Por Marco Severini — Em um movimento que reposiciona a Groenlândia no centro da tectônica geopolítica do Ártico, a administração do presidente Donald Trump intensificou esforços para estreitar laços diretos com a ilha — território autônomo do Reino da Dinamarca — numa estratégia que mescla interesses militares e econômicos.
Na prática, Trump nomeou Jeff Landry, governador da Luisiana, como enviado especial para a Groenlândia, e reiterou publicamente que os Estados Unidos “absolutamente precisam” daquele território para a defesa nacional. A proposta em análise, segundo relatou a revista The Economist, não seria uma anexação formal, mas um acordo de associação que exclua a Dinamarca, criando uma ponte política e militar direta entre Washington e Nuuk. Tal acordo permitiria aos EUA maior liberdade para posicionar tropas e expandir infraestruturas estratégicas.
Em resposta, um bloco de líderes europeus — incluindo o presidente francês Emmanuel Macron, o chanceler alemão Friedrich Merz, a primeira-ministra italiana Giorgia Meloni, o primeiro-ministro da Polônia Donald Tusk, o premier espanhol Pedro Sánchez, o primeiro-ministro britânico Keir Starmer e a primeira-ministra dinamarquesa Mette Frederiksen — emitiu uma declaração conjunta que reitera de maneira firme a inviolabilidade da soberania e da integridade territorial.
“A segurança do Ártico é prioridade para a Europa e para a segurança transatlântica”, afirmam os chefes de governo, lembrando o papel da NATO e o acordo de defesa entre o Reino da Dinamarca e os Estados Unidos de 1951. A nota sublinha que a Groenlândia pertence ao seu povo e que quaisquer decisões sobre o seu futuro devem competir exclusivamente à Dinamarca e à própria Groenlândia, em conformidade com a Carta das Nações Unidas e os princípios do direito internacional.
O interesse renovado de Washington na ilha tem motivações objetivas. A Groenlândia controla acessos relevantes ao Ártico, região de crescente concorrência entre Estados Unidos, Rússia e China. Com o recuo das geleiras, emergem rotas comerciais e reservas de recursos — como terras raras e hidrocarbonetos — que revestem a ilha de importância estratégica adicional. Em relatos públicos, a administração Trump apontou a presença de embarcações russas e chinesas nas imediações como justificativa para reforçar a presença norte-americana.
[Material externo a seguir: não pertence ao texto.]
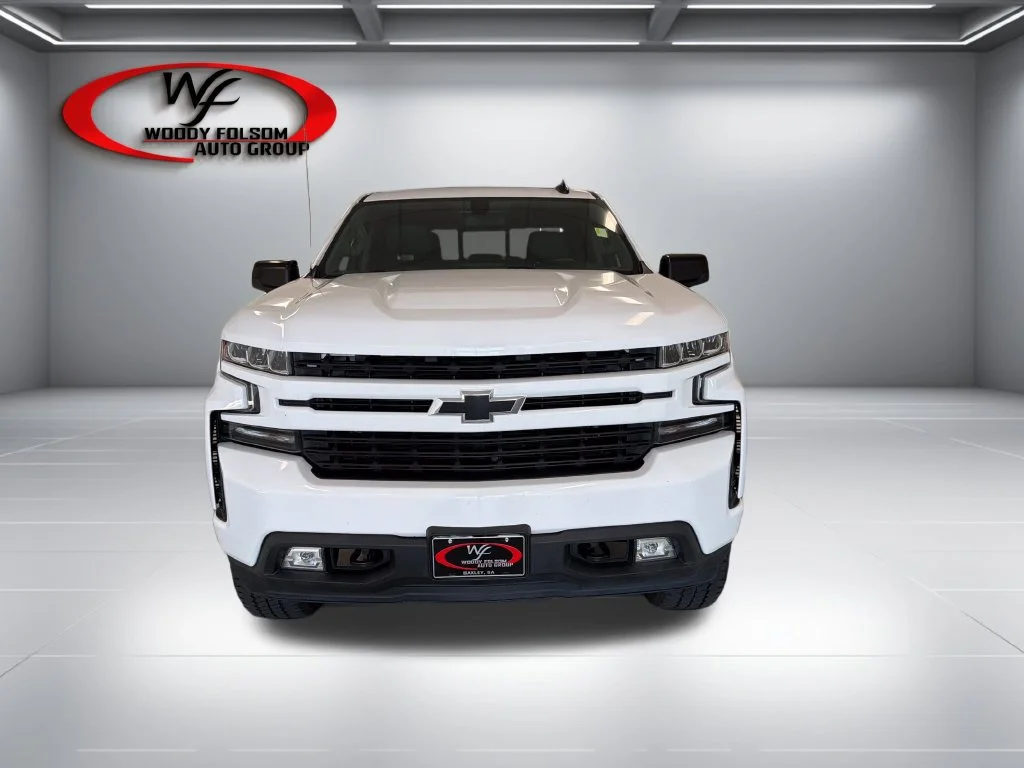 Used 2021 White Chevrolet RST image 2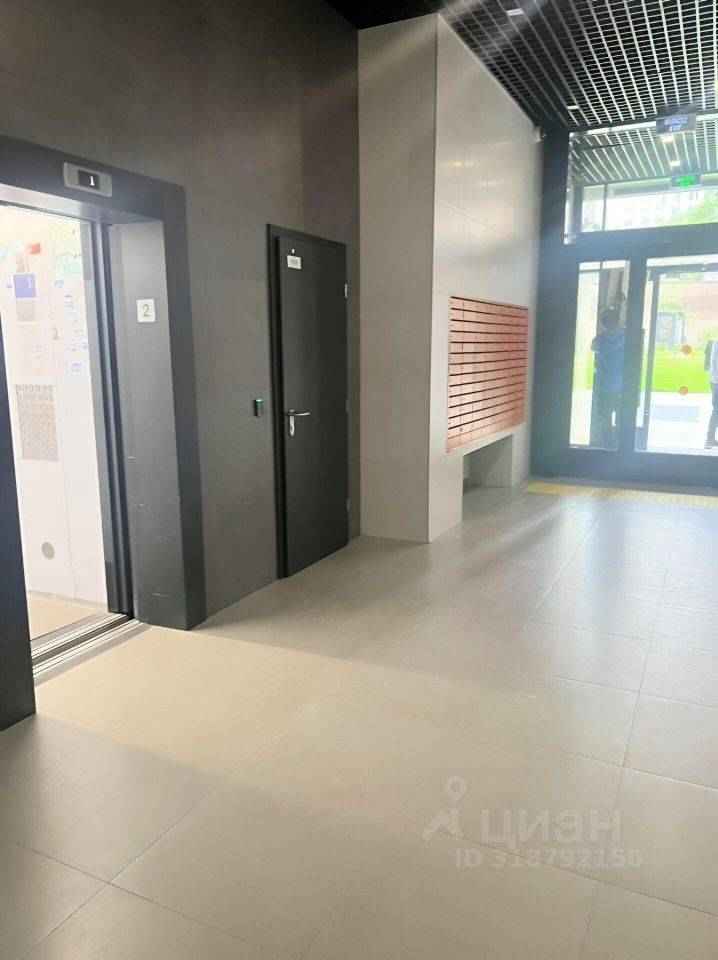 1-комнатная квартира, 40 м²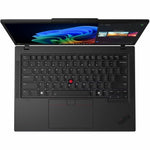 Lenovo ThinkPad T14 Gen 6 21QG004NAU 14' Touchscreen Copilot+ PC Notebook - WUXGA - 60 Hz - Intel Core Ultra 7 268V - 32 GB - 512 GB SSD - English Keyboard - Black - Alternate view 6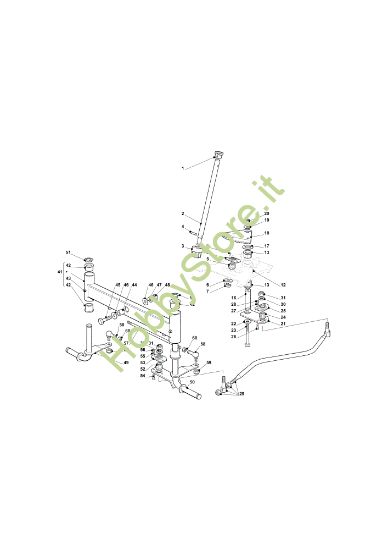 Picture of Sterzo OM 93/16 K Cat. 2020 Trattorino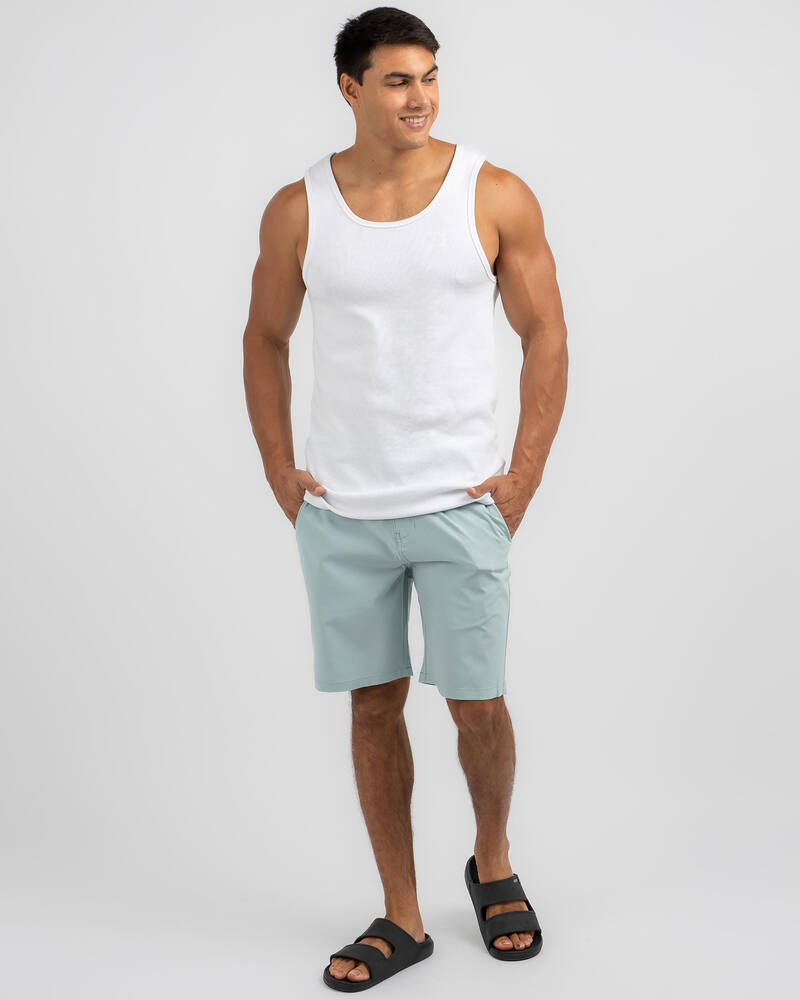 Quiksilver Union Amphibian Walk Shorts for Mens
Do ponto de vista estratégico, estamos diante de um movimento decisivo no tabuleiro do poder: mais do que um gesto diplomático, trata-se de tentar redesenhar, com acordos paralelos, as linhas de influência no Ártico, testando os alicerces da diplomacia atlântica. Para os europeus, a resposta coletiva busca fechar brechas legais e políticas que poderiam levar a reconfigurações unilaterais.
Washington também ensaia medidas para conquistar apoio local, oferecendo incentivos à população groenlandesa. Esse componente interno é crucial: toda mudança de estatuto dependerá, em última instância, da vontade do povo groenlandês e dos termos negociados com a Dinamarca.
Em suma, a questão da Groenlândia voltou ao centro como exemplo claro de como a arquitetura clássica das alianças está sendo testada por interesses estratégicos emergentes. A resposta europeia — firme, coordenada e legalista — pretende manter o jogo dentro das regras do Direito Internacional e da solidariedade transatlântica.